Die Ukraine hat die „Einheit der Russen“ zerstört

Warum bekriegt Wladimir Putin die Ukraine, spricht ihr gar das Existenzrecht ab?

Russlands Herrscher will die Existenz der Ukraine nicht hinnehmen, sagt Historiker Andreas Kappeler auf t-online.

Russland hat die Ukraine niemals als ebenbürtige Nation anerkannt. In seinem 2021 veröffentlichten Aufsatz „Über die historische Einheit der Russen und Ukrainer“ fasste Wladimir Putin seine Ansichten über die Ukraine ziemlich präzise zusammen: Eigentlich sei die Ukraine kein selbstständiger Staat, keine eigene Nation, sie gehöre vielmehr zu Russland.

Die Ukraine war auch in westlicher Sichtweise ein weißer Fleck, angeblich ein Land ohne eigene Kultur, Sprache und Geschichte.

Das russische national-imperiale Narrativ duldet keine Abweichungen: Wenn die Ukraine nach Unabhängigkeit strebt, stellt sie sich in Putins Weltsicht gegen Russland und die sogenannte russische Welt. Für Putin ist das ein Fall von Verrat.

Russen und Ukrainer sind insofern „Brüder“, als sie sich sprachlich, religiös und kulturell nahestehen. In ihrer Geschichte und ihren politischen Traditionen unterscheiden sie sich aber wesentlich. Im mittelalterlichen Großreich der Kiewer Rus lebten die Vorfahren der heutigen Russen, Ukrainer und Belarussen gemeinsam in einem Herrschaftsverband, Einheit stiftete dabei das orthodoxe Christentum.

Im 13. Jahrhundert fielen die Mongolen ein.

Im Nordosten entstand nach dem Zerfall der Kiewer Rus schließlich das Zartum Moskau, ein Staatswesen, das sich später zum Russländischen Imperium weiterentwickelte und im frühen 18. Jahrhundert als europäische Großmacht zu etablieren vermochte.

Die Vorfahren der Ukrainer hingegen gerieten unter die Herrschaft des Königreichs Polen-Litauen.
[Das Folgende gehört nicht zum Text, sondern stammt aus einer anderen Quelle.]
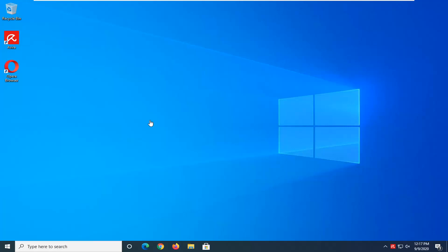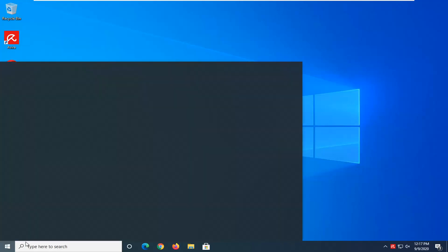So this should be a pretty straightforward tutorial and without further ado, let's go ahead and jump straight into it. So we're going to start off by opening up the start menu, just by left clicking on it one time.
Erst später unterstellten sich zentrale und östliche Teile der heutigen Ukraine Moskau, im Zuge der Zweiten Teilung Polens 1793 gerieten auch größere Teile der westlichen Gebiete der Ukraine unter die Kontrolle Russlands.

Die Geschichte Russlands und der Ukraine verlief über Jahrhunderte getrennt.
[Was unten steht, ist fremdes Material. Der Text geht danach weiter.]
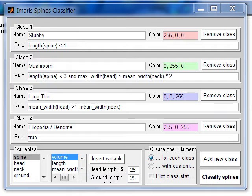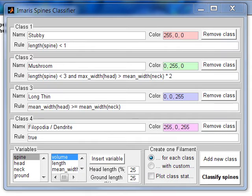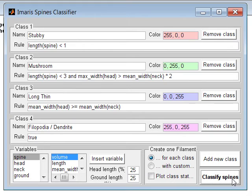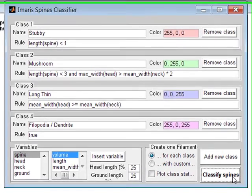For the remaining spines, the first classification rule is false and the process of classification continues by applying the second rule. Select the button classify spines to execute this extension.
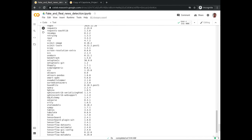Congratulations for making it this far. You have learned how to develop a data science project from preparing your data up to deploying your model, all from the comfort of your web browser using Google Collaboratory. Next time you need to develop a data science project, do remember that you must not have a high-capacity or fast computer.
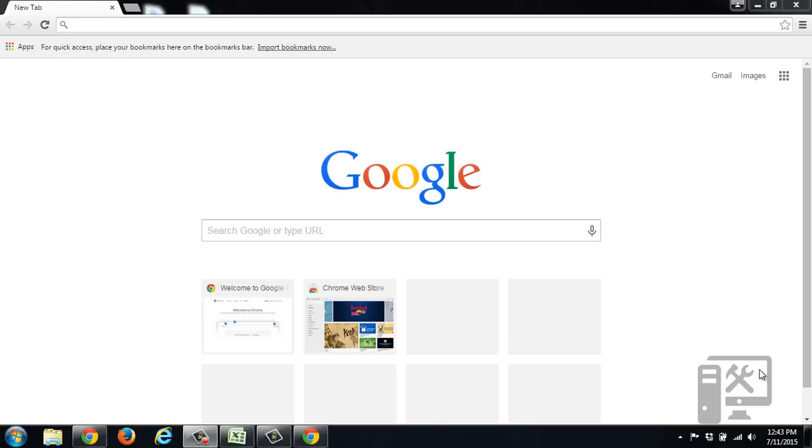Hey guys, today we're going to show you how to make sure your Adobe Flash Player is up to date. With Google Chrome, Flash Player is built into Chrome and should automatically update itself.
Ohne dieses Wissen lässt sich die heutige Konfliktlage schwer verstehen. Die Ukraine hat über polnische Vermittlung zahlreiche Einflüsse aus dem Westen erfahren – dazu gehören Renaissance und Humanismus, Reformation und Gegenreformation wie auch das deutsche Stadtrecht. Für Russland gilt dies nicht oder nur sehr eingeschränkt. Heute stellen diese historischen westlichen Einflüsse ein wichtiges Argument der Ukraine dar, um ihre Zugehörigkeit zu eben diesem Westen zu betonen.
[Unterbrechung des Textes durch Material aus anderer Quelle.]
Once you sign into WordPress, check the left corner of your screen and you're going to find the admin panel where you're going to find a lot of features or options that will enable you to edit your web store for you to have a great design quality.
Die Geschichte der Ukraine ist durch eine lange Staatslosigkeit geprägt. Deswegen ist es für sie überaus wichtig, einen mittelalterlichen Anknüpfungspunkt zu besitzen, eine Art Goldenes Zeitalter, auf das man sich berufen kann. Das bereits erwähnte national-imperiale Narrativ Russlands wiederum behauptet, dass Russland und nicht die Ukraine Erbe des Kiewer Reiches sei und die „Kleinrussen“, wie die Ukrainer im Zarenreich bezeichnet worden sind, stets eine „Wiedervereinigung“ mit ihren russischen „Brüdern“ angestrebt hätten.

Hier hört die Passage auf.